### TASK OBJECTIVE
Every line of the entries below from the one containing "4628-419A Georg Fischer" to the one containing "Brooks Caldera 7 | Men's", both ends included, must be written out exactly. No other line belongs in the answer.

### DATA EXTRACTS
-- -- --
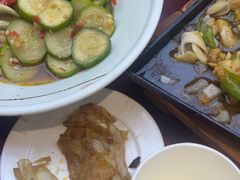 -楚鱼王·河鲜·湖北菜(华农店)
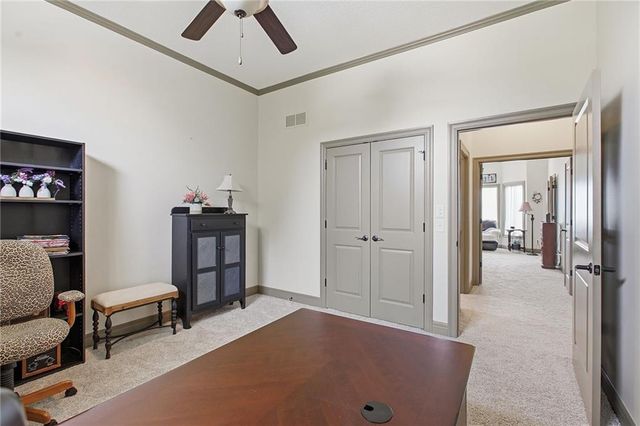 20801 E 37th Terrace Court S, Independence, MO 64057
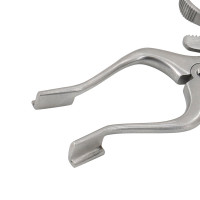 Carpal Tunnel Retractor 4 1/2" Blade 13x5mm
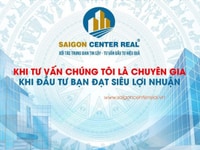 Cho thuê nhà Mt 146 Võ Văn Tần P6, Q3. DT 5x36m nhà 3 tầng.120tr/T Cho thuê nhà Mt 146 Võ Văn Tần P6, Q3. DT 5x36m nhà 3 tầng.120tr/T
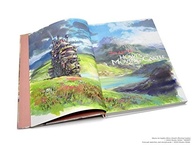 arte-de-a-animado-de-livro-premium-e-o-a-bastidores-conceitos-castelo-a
-- -- --
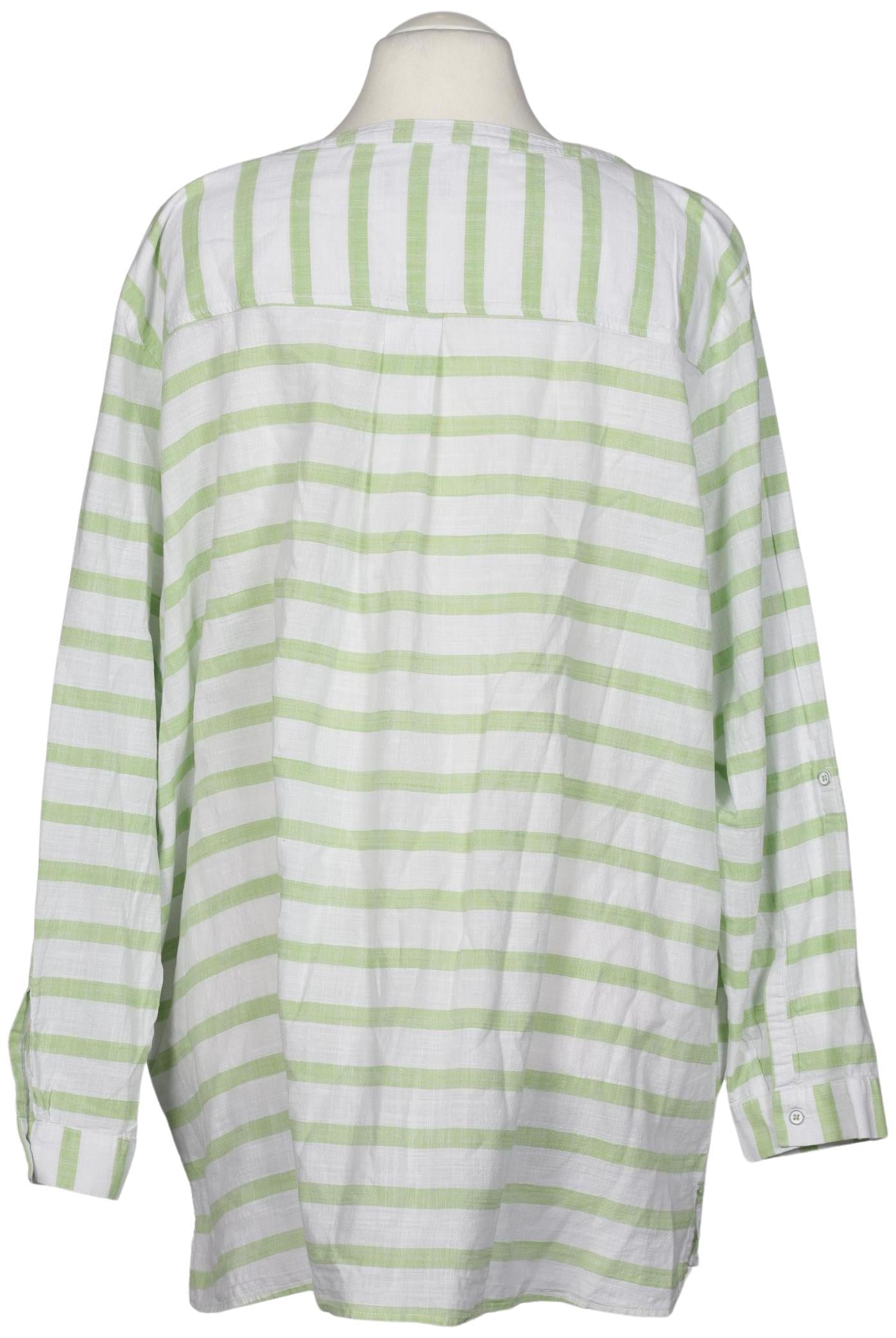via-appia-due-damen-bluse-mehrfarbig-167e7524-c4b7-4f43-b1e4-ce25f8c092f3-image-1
-- -- --
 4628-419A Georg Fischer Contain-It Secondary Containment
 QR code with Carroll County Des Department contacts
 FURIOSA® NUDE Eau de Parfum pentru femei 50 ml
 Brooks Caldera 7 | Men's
-- -- --
### TASK RESULT
 4628-419A Georg Fischer Contain-It Secondary Containment
 QR code with Carroll County Des Department contacts
 FURIOSA® NUDE Eau de Parfum pentru femei 50 ml
 Brooks Caldera 7 | Men's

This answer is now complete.